The situation has become strikingly clear to him the moment a young teen of about sixteen years had poked her head into his classroom, looking as lost and out of place as a self-described punk at a pretty princess-themed birthday party.

He'd stiffened, but otherwise paid no particular heed to her appearance. Stranger things, unfortunately, had befallen him in recent times, and with much less provocation. As a safety precaution (meant to preserve what little of his crumbling sanity he still possessed as a result of these asinine undertakings), he'd taken to simply looking the other way, as though she weren't there.

But she was annoyed by his inattention and made it known by calling out in a sickeningly cheerful voice, "Oi! Shrimp! Sunflower! Tora's Soon-to-be-Boyfriend! Your regal presence is requested in the damn hallway!"

He would have decapitated her then and there, but the teacher was piercing him with a rare, steely look, and his fellow students had already swiveled in their seats to stare at him from various angles and viewpoints - he had no choice, really. Murder would have been far too flashy under such circumstances.

He'd wait until they'd retired to a more secluded location, as he thought she no doubt had a mind to do.

Beaming, the girl latched onto his arm the moment he'd stepped into the hallway, chattering idly as she began their odd procession down to the grand entryway.
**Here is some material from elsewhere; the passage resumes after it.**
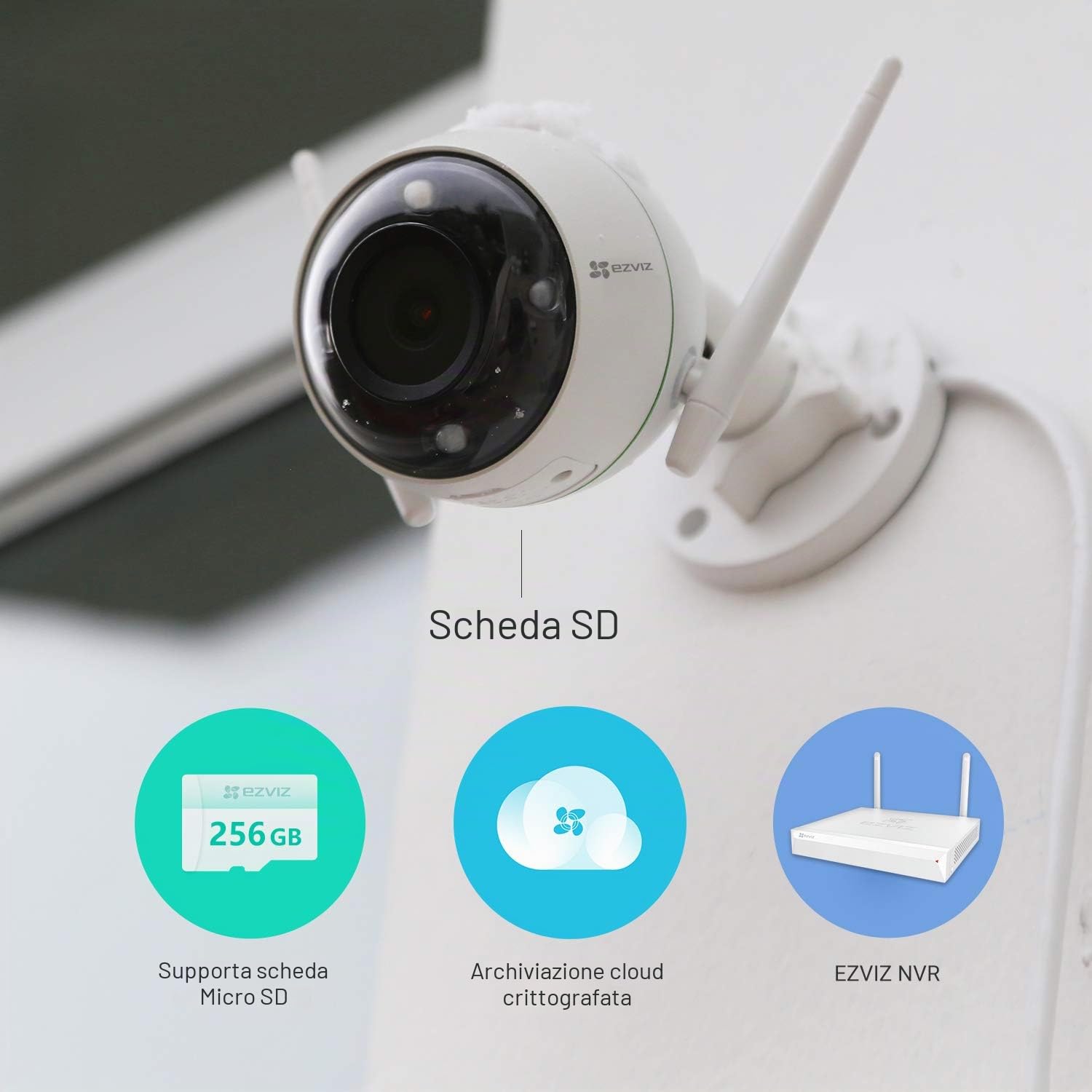 EZVIZ C3WN Telecamera WiFi Esterno 1080p Versione Videocamera Sorveglianza da Esterno con Visione Notturna Fino a 30M, Doppia Antenna Wi-Fi, Notifiche in Tempo Reale, IP66, Compatibile con Alexa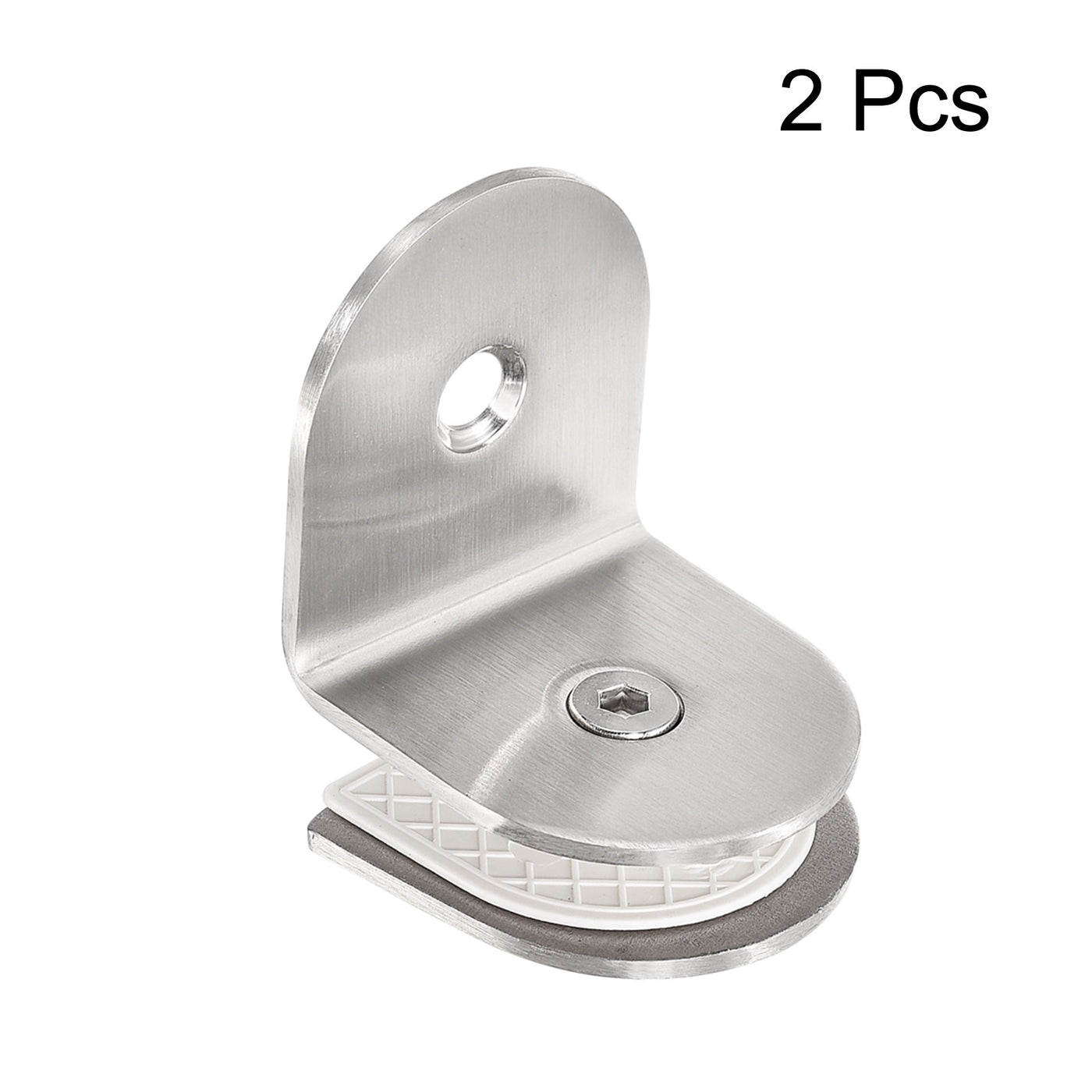 uxcell Uxcell Stainless Steel Round Glass Clamp, 90 Degree Single Side Glass Bracket Clip for Shower Door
"...didn't think I'd be able to find ya in such a big place. Wish Raya or Kay were here; they'd have found you right away with their Haki. If you had a Devil Fruit, though, I probably woulda asked Maddox. And Timor's pretty good at tracking himself, but it's not his specialty, so maybe I wouldn't have bothered with--"

He coughed. Once, twice, breaking into her rambling words. She nearly stopped walking, but shook her head and continued onward to her predetermined destination (yet unknown to him, of course).

"Like I was saying, Shrimp, I wish your author woulda drawn me a map or something. Or, like, told me what class you were in. Huh. Maybe she did. Like in Monitor or Inquisition or something. I coulda missed it; I'm oblivious like that sometimes. So I guess I shoulda--"

Another cough, this time a bit more throaty, with less politeness embedded in it. Irritation crossed her features, her fingers wrinkling the polished fabric of his blazer, but she didn't slow, only said, "What." Without the proper inflection, it was a statement more than it was a question, and it demanded a response like her earlier ranting hadn't.

Eyeing her frigidly from the corner of his slitted eyes, he said, "I fail to see what you require of me, as there aren't any aggravating scenarios prepared as of right now."

"Ah," she replied, grinning in a way that prompted a cautious frown from his sullen lips, "see, that's the thing. This isn't for a scenario. I'm just taking you out for some fun."

"Fun," he echoed, without much enthusiasm, the gears whirring in his prodigious mind already churning out blueprints of escape of both the simple and convoluted design.

She winked (poorly, as it were, the gesture made rather creepy from the pained motion it required of her). "You betcha, Shrimp. Fun" - he thought he detected a grating sarcasm in the word this time - "because you're clearly lacking in that category."

While he couldn't truthfully deny that (he'd been told on many occasions by that infuriating trollop, Tominaga, that he was extremely dull and therefore unfun), he could sure as hell snap a lie off his silver tongue in order to combat the nagging ridicule that saturated her voice.

"You seem to take me for the quite the deprived fool, incapable of behaving as a normal teenager might, when in fact it's your mental faculties that should be called into question. Only a mind addled by bouts of lunacy could concoct such detestably maddening characters."